**EXERCISE GOAL:** A word-for-word reproduction of the listing is required.

**THE DATA:**
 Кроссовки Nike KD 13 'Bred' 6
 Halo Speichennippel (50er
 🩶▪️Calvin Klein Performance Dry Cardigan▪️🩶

**THE ANSWER:**
 Кроссовки Nike KD 13 'Bred' 6
 Halo Speichennippel (50er
 🩶▪️Calvin Klein Performance Dry Cardigan▪️🩶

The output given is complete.